At the CSL Grand Finals, I met many of the CSL people that I had been working with for so long. For the first time, I met the chair stealing mastermind himself, Duran (or Xeris, to many of you). I also met my old casting buddy and mentor CheeseheadLogic (CHL). Theresa, who has helped me so much in terms of meeting people and becoming a better writer, was also there. The people I met working on the CSL's other games like Dota and Counter-Strike were also awesome. I can't thank them all enough for the opportunities and friendships they've given me.
I loved every second of my time in Toronto: waking up early, getting back late, hanging out with collegiate StarCraft players, joking around with my fellow CSL staff, doing interviews, writing my recap article, everything. A few nights, I was so excited for the next day I couldn't even fall asleep. There was a new kind of passion, related to the old one, that I hadn't felt before.
It wasn't the game alone that I loved, it was much, much more. I wanted, and want, to devote my life to esports. I'm sure to many of you that sounds delusional. I'm sure I'll have to find a job that pays the bills and I'm sure I'll fail all over the place trying to get into the industry. A week before my graduation, I think it's finally coming together. For so long, StarCraft has been important. I've been working for CSL writing or commentating. I've been hosting or attending LANs and viewing parties at my school. I think I have to just go for it.

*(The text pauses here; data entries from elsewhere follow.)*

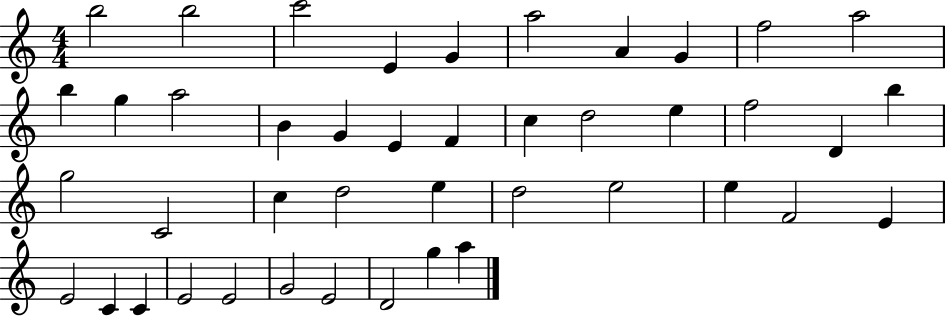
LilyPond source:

{
  \clef treble
  \numericTimeSignature
  \time 4/4
  \key c \major
  b''2 b''2 | c'''2 e'4 g'4 | a''2 a'4 g'4 | f''2 a''2 | \break b''4 g''4 a''2 | b'4 g'4 e'4 f'4 | c''4 d''2 e''4 | f''2 d'4 b''4 | \break g''2 c'2 | c''4 d''2 e''4 | d''2 e''2 | e''4 f'2 e'4 | \break e'2 c'4 c'4 | e'2 e'2 | g'2 e'2 | d'2 g''4 a''4 | \break \bar "|."
}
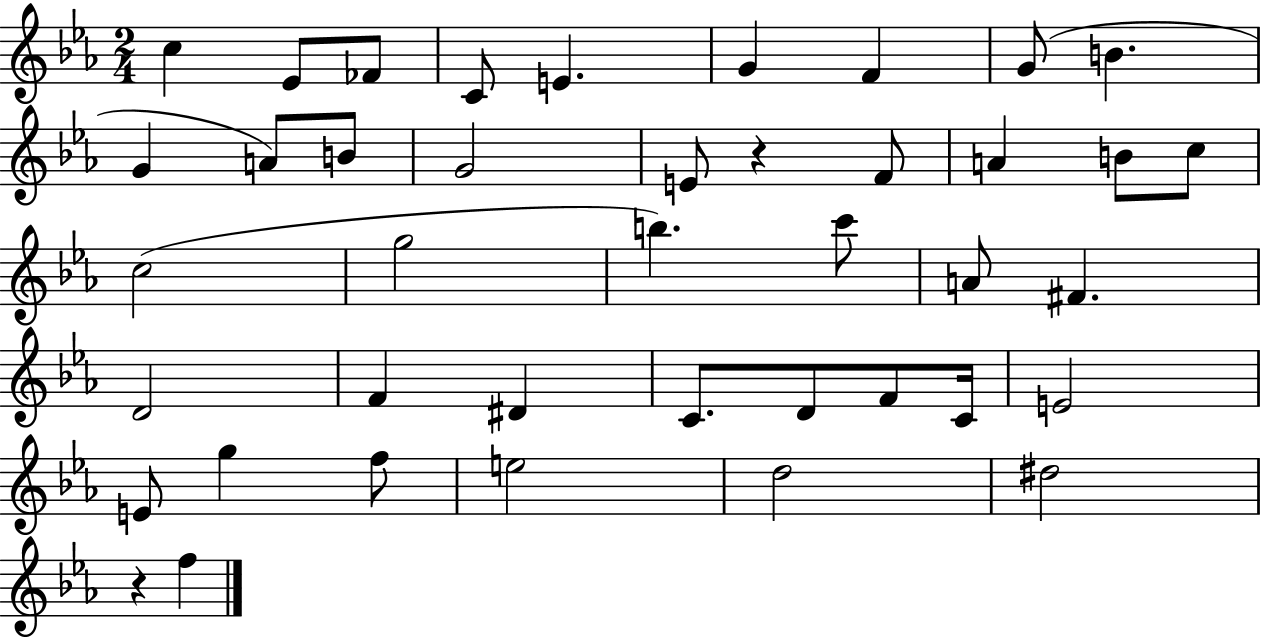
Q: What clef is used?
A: treble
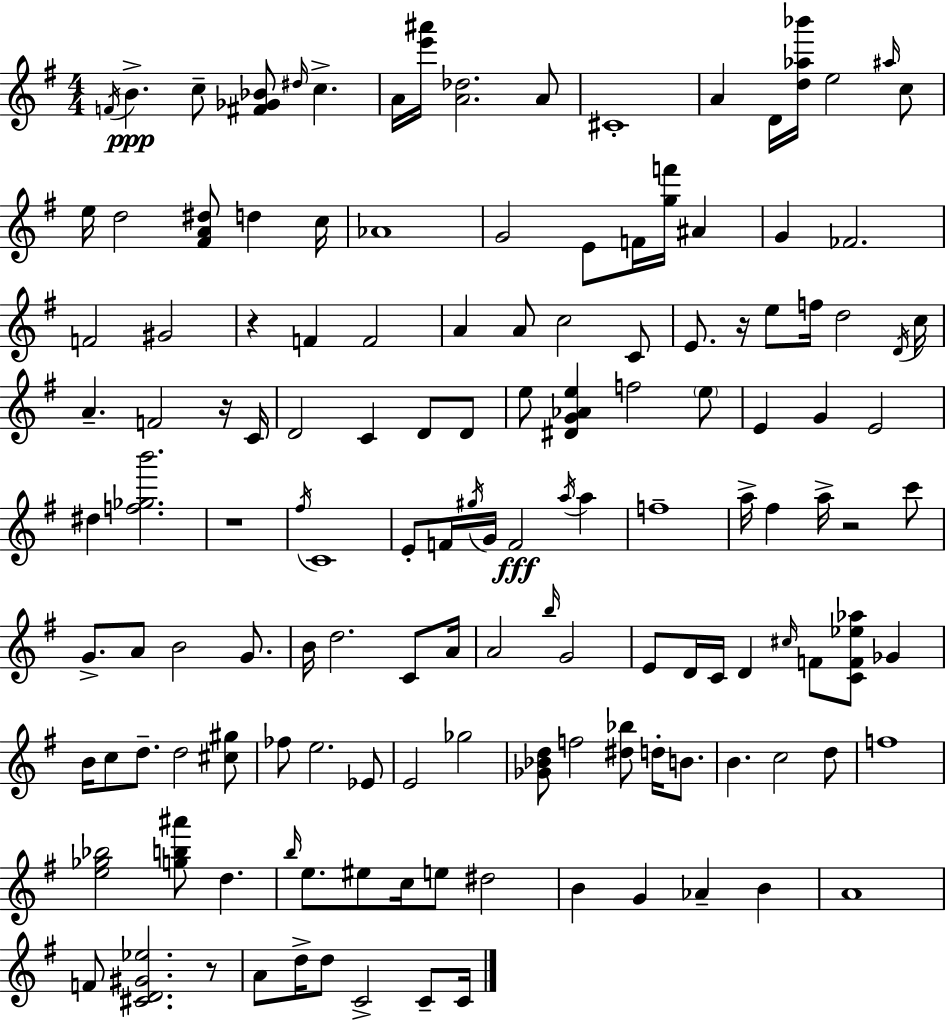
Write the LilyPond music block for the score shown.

{
  \clef treble
  \numericTimeSignature
  \time 4/4
  \key g \major
  \acciaccatura { f'16 }\ppp b'4.-> c''8-- <fis' ges' bes'>8 \grace { dis''16 } c''4.-> | a'16 <e''' ais'''>16 <a' des''>2. | a'8 cis'1-. | a'4 d'16 <d'' aes'' bes'''>16 e''2 | \break \grace { ais''16 } c''8 e''16 d''2 <fis' a' dis''>8 d''4 | c''16 aes'1 | g'2 e'8 f'16 <g'' f'''>16 ais'4 | g'4 fes'2. | \break f'2 gis'2 | r4 f'4 f'2 | a'4 a'8 c''2 | c'8 e'8. r16 e''8 f''16 d''2 | \break \acciaccatura { d'16 } c''16 a'4.-- f'2 | r16 c'16 d'2 c'4 | d'8 d'8 e''8 <dis' g' aes' e''>4 f''2 | \parenthesize e''8 e'4 g'4 e'2 | \break dis''4 <f'' ges'' b'''>2. | r1 | \acciaccatura { fis''16 } c'1 | e'8-. f'16 \acciaccatura { gis''16 } g'16 f'2\fff | \break \acciaccatura { a''16 } a''4 f''1-- | a''16-> fis''4 a''16-> r2 | c'''8 g'8.-> a'8 b'2 | g'8. b'16 d''2. | \break c'8 a'16 a'2 \grace { b''16 } | g'2 e'8 d'16 c'16 d'4 | \grace { cis''16 } f'8 <c' f' ees'' aes''>8 ges'4 b'16 c''8 d''8.-- d''2 | <cis'' gis''>8 fes''8 e''2. | \break ees'8 e'2 | ges''2 <ges' bes' d''>8 f''2 | <dis'' bes''>8 d''16-. b'8. b'4. c''2 | d''8 f''1 | \break <e'' ges'' bes''>2 | <g'' b'' ais'''>8 d''4. \grace { b''16 } e''8. eis''8 c''16 | e''8 dis''2 b'4 g'4 | aes'4-- b'4 a'1 | \break f'8 <cis' d' gis' ees''>2. | r8 a'8 d''16-> d''8 c'2-> | c'8-- c'16 \bar "|."
}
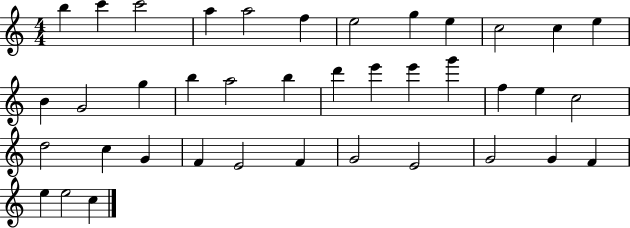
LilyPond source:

{
  \clef treble
  \numericTimeSignature
  \time 4/4
  \key c \major
  b''4 c'''4 c'''2 | a''4 a''2 f''4 | e''2 g''4 e''4 | c''2 c''4 e''4 | \break b'4 g'2 g''4 | b''4 a''2 b''4 | d'''4 e'''4 e'''4 g'''4 | f''4 e''4 c''2 | \break d''2 c''4 g'4 | f'4 e'2 f'4 | g'2 e'2 | g'2 g'4 f'4 | \break e''4 e''2 c''4 | \bar "|."
}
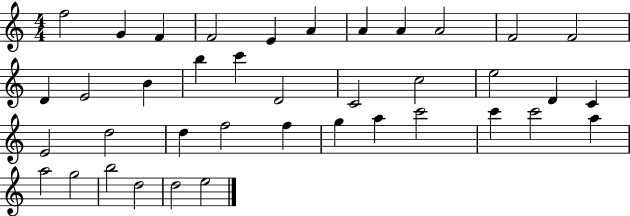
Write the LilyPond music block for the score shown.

{
  \clef treble
  \numericTimeSignature
  \time 4/4
  \key c \major
  f''2 g'4 f'4 | f'2 e'4 a'4 | a'4 a'4 a'2 | f'2 f'2 | \break d'4 e'2 b'4 | b''4 c'''4 d'2 | c'2 c''2 | e''2 d'4 c'4 | \break e'2 d''2 | d''4 f''2 f''4 | g''4 a''4 c'''2 | c'''4 c'''2 a''4 | \break a''2 g''2 | b''2 d''2 | d''2 e''2 | \bar "|."
}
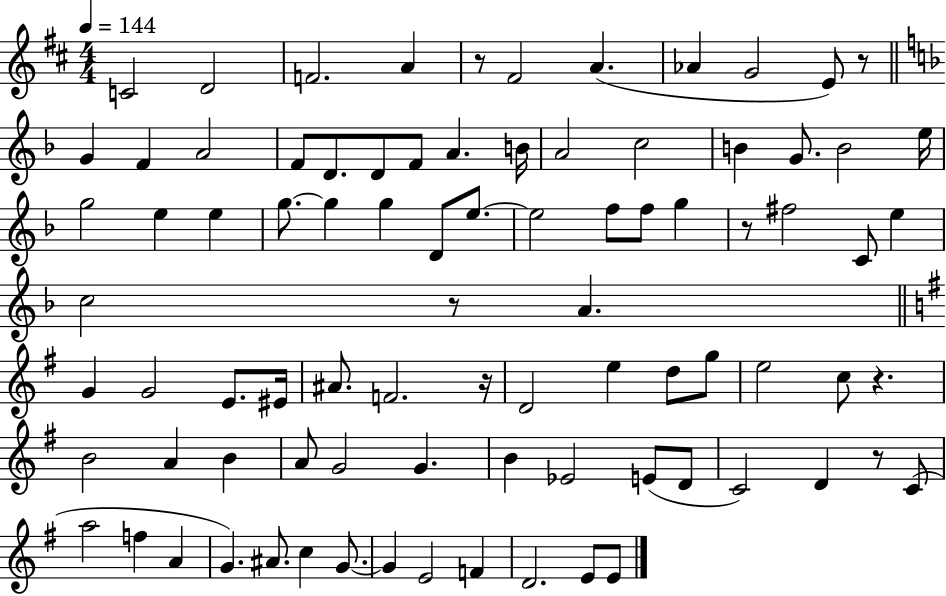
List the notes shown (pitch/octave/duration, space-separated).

C4/h D4/h F4/h. A4/q R/e F#4/h A4/q. Ab4/q G4/h E4/e R/e G4/q F4/q A4/h F4/e D4/e. D4/e F4/e A4/q. B4/s A4/h C5/h B4/q G4/e. B4/h E5/s G5/h E5/q E5/q G5/e. G5/q G5/q D4/e E5/e. E5/h F5/e F5/e G5/q R/e F#5/h C4/e E5/q C5/h R/e A4/q. G4/q G4/h E4/e. EIS4/s A#4/e. F4/h. R/s D4/h E5/q D5/e G5/e E5/h C5/e R/q. B4/h A4/q B4/q A4/e G4/h G4/q. B4/q Eb4/h E4/e D4/e C4/h D4/q R/e C4/e A5/h F5/q A4/q G4/q. A#4/e. C5/q G4/e. G4/q E4/h F4/q D4/h. E4/e E4/e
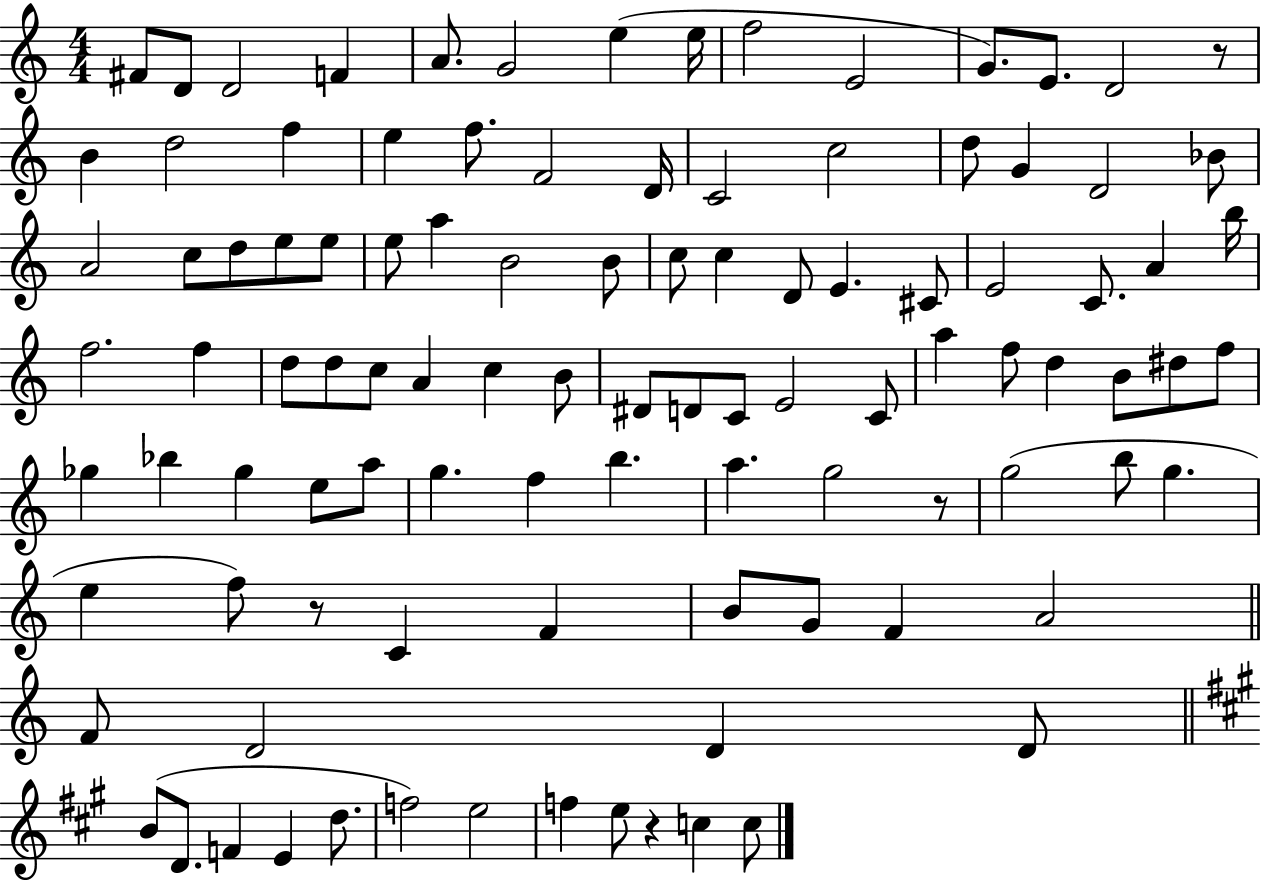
{
  \clef treble
  \numericTimeSignature
  \time 4/4
  \key c \major
  fis'8 d'8 d'2 f'4 | a'8. g'2 e''4( e''16 | f''2 e'2 | g'8.) e'8. d'2 r8 | \break b'4 d''2 f''4 | e''4 f''8. f'2 d'16 | c'2 c''2 | d''8 g'4 d'2 bes'8 | \break a'2 c''8 d''8 e''8 e''8 | e''8 a''4 b'2 b'8 | c''8 c''4 d'8 e'4. cis'8 | e'2 c'8. a'4 b''16 | \break f''2. f''4 | d''8 d''8 c''8 a'4 c''4 b'8 | dis'8 d'8 c'8 e'2 c'8 | a''4 f''8 d''4 b'8 dis''8 f''8 | \break ges''4 bes''4 ges''4 e''8 a''8 | g''4. f''4 b''4. | a''4. g''2 r8 | g''2( b''8 g''4. | \break e''4 f''8) r8 c'4 f'4 | b'8 g'8 f'4 a'2 | \bar "||" \break \key c \major f'8 d'2 d'4 d'8 | \bar "||" \break \key a \major b'8( d'8. f'4 e'4 d''8. | f''2) e''2 | f''4 e''8 r4 c''4 c''8 | \bar "|."
}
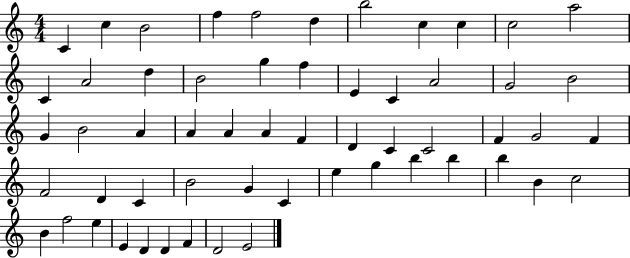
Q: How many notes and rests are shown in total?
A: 57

Just like that, a year of planning to go to Korea has been tossed out the window. Maybe I'll still go, but if I do, it will be in some different capacity. Right now, all I want to do is throw myself at esports. I don't care what game, people don't have to love StarCraft as much as I do. I don't even care what I have to do, I'll be the equivalent of a roadie if it's what gets me in. Of course, I'll keep writing for CSL (or doing anything for CSL) so long as they have a place for me.
Here I am, days before my graduation, writing my first TL post since Korea. I woke up a couple of hours ago and wrote this in something of a frenzy, but honestly that's what all my TL blog posts have been. Even if my mind changes again in a month, I think it's okay. Here, I captured a mood and expressed something that I've been trying to for years. I'll be moving back to Boston in a few weeks and there I will start my journey into post-grad life. If anyone has any ideas on how to get involved, feel free to DM me or comment.
Before I finish this, I just want to again thank some people who have been important to my own life of StarCraft:
-My family, especially my parents who encouraged my StarCraft shenanigans (for whatever reason)
-My friends who have been supportive of this passion of mine, especially my current and former roommates who played (and my roommate Sugar, in particular)
-Everyone at CSL, particularly Theresa (who hired me), CHL (who let me cast), and Duran (who is the reason I have any of these opportunities)
-The Plott brothers, Day for getting me through high school and Tasteless for getting me through Korea
-Everyone who has ever been involved with GW Competitive Gaming
-Anyone I may have forgotten...
Thanks for reading!
I love StarCraft and am graduating in a week. Thanks world.